> [WORK INSTRUCTION]: Word for word, reproduce all of the entries shown below.

> [EXERCISE MATERIAL]:
- - -

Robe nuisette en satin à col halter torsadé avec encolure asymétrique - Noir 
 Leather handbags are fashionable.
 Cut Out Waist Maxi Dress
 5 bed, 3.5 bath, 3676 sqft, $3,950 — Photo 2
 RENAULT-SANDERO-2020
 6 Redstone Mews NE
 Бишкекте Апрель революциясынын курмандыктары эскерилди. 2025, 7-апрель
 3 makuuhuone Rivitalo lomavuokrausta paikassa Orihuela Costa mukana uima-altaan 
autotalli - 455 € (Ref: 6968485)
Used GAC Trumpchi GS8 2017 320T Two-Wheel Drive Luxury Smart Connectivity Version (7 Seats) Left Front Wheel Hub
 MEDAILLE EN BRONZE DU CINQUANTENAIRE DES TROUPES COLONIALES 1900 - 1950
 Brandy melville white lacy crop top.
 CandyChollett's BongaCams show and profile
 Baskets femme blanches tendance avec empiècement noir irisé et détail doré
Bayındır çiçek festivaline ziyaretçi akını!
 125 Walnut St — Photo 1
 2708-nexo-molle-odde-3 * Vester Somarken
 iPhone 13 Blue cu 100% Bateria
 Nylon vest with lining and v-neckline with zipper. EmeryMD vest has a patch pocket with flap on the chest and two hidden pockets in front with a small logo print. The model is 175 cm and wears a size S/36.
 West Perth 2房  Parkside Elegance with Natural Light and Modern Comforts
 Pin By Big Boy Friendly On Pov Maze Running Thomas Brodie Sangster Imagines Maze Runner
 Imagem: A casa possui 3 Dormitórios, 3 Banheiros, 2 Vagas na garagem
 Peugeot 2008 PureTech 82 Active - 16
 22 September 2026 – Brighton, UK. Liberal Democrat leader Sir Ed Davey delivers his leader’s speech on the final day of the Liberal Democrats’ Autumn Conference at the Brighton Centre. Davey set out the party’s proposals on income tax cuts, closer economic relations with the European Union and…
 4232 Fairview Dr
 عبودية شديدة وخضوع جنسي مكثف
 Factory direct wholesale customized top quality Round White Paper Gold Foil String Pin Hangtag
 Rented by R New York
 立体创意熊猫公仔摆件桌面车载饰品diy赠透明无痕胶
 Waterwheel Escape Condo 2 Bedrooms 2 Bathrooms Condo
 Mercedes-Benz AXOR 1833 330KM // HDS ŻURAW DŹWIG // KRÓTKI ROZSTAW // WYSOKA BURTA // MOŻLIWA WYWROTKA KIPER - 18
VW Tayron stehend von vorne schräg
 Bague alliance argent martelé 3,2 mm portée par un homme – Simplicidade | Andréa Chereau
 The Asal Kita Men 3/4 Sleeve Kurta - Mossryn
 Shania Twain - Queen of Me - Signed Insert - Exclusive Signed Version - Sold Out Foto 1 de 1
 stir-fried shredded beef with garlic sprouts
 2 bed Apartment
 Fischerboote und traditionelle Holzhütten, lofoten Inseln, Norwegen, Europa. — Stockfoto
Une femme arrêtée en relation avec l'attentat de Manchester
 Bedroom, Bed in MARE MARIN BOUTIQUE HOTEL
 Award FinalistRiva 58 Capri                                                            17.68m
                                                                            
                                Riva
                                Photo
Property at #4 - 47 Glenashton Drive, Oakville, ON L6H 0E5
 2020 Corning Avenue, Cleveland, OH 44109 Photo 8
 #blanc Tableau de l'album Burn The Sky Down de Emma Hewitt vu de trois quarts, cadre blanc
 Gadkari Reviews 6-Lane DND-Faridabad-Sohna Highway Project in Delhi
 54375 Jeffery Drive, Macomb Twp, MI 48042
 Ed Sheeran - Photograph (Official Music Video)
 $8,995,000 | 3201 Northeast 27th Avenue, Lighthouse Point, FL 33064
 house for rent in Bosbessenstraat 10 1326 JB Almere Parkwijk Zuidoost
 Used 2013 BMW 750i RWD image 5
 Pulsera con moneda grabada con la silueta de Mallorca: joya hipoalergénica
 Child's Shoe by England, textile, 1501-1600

- - -

> [WRITTEN SOLUTION]:
Robe nuisette en satin à col halter torsadé avec encolure asymétrique - Noir 
 Leather handbags are fashionable.
 Cut Out Waist Maxi Dress
 5 bed, 3.5 bath, 3676 sqft, $3,950 — Photo 2
 RENAULT-SANDERO-2020
 6 Redstone Mews NE
 Бишкекте Апрель революциясынын курмандыктары эскерилди. 2025, 7-апрель
 3 makuuhuone Rivitalo lomavuokrausta paikassa Orihuela Costa mukana uima-altaan 
autotalli - 455 € (Ref: 6968485)
Used GAC Trumpchi GS8 2017 320T Two-Wheel Drive Luxury Smart Connectivity Version (7 Seats) Left Front Wheel Hub
 MEDAILLE EN BRONZE DU CINQUANTENAIRE DES TROUPES COLONIALES 1900 - 1950
 Brandy melville white lacy crop top.
 CandyChollett's BongaCams show and profile
 Baskets femme blanches tendance avec empiècement noir irisé et détail doré
Bayındır çiçek festivaline ziyaretçi akını!
 125 Walnut St — Photo 1
 2708-nexo-molle-odde-3 * Vester Somarken
 iPhone 13 Blue cu 100% Bateria
 Nylon vest with lining and v-neckline with zipper. EmeryMD vest has a patch pocket with flap on the chest and two hidden pockets in front with a small logo print. The model is 175 cm and wears a size S/36.
 West Perth 2房  Parkside Elegance with Natural Light and Modern Comforts
 Pin By Big Boy Friendly On Pov Maze Running Thomas Brodie Sangster Imagines Maze Runner
 Imagem: A casa possui 3 Dormitórios, 3 Banheiros, 2 Vagas na garagem
 Peugeot 2008 PureTech 82 Active - 16
 22 September 2026 – Brighton, UK. Liberal Democrat leader Sir Ed Davey delivers his leader’s speech on the final day of the Liberal Democrats’ Autumn Conference at the Brighton Centre. Davey set out the party’s proposals on income tax cuts, closer economic relations with the European Union and…
 4232 Fairview Dr
 عبودية شديدة وخضوع جنسي مكثف
 Factory direct wholesale customized top quality Round White Paper Gold Foil String Pin Hangtag
 Rented by R New York
 立体创意熊猫公仔摆件桌面车载饰品diy赠透明无痕胶
 Waterwheel Escape Condo 2 Bedrooms 2 Bathrooms Condo
 Mercedes-Benz AXOR 1833 330KM // HDS ŻURAW DŹWIG // KRÓTKI ROZSTAW // WYSOKA BURTA // MOŻLIWA WYWROTKA KIPER - 18
VW Tayron stehend von vorne schräg
 Bague alliance argent martelé 3,2 mm portée par un homme – Simplicidade | Andréa Chereau
 The Asal Kita Men 3/4 Sleeve Kurta - Mossryn
 Shania Twain - Queen of Me - Signed Insert - Exclusive Signed Version - Sold Out Foto 1 de 1
 stir-fried shredded beef with garlic sprouts
 2 bed Apartment
 Fischerboote und traditionelle Holzhütten, lofoten Inseln, Norwegen, Europa. — Stockfoto
Une femme arrêtée en relation avec l'attentat de Manchester
 Bedroom, Bed in MARE MARIN BOUTIQUE HOTEL
 Award FinalistRiva 58 Capri                                                            17.68m
                                                                            
                                Riva
                                Photo
Property at #4 - 47 Glenashton Drive, Oakville, ON L6H 0E5
 2020 Corning Avenue, Cleveland, OH 44109 Photo 8
 #blanc Tableau de l'album Burn The Sky Down de Emma Hewitt vu de trois quarts, cadre blanc
 Gadkari Reviews 6-Lane DND-Faridabad-Sohna Highway Project in Delhi
 54375 Jeffery Drive, Macomb Twp, MI 48042
 Ed Sheeran - Photograph (Official Music Video)
 $8,995,000 | 3201 Northeast 27th Avenue, Lighthouse Point, FL 33064
 house for rent in Bosbessenstraat 10 1326 JB Almere Parkwijk Zuidoost
 Used 2013 BMW 750i RWD image 5
 Pulsera con moneda grabada con la silueta de Mallorca: joya hipoalergénica
 Child's Shoe by England, textile, 1501-1600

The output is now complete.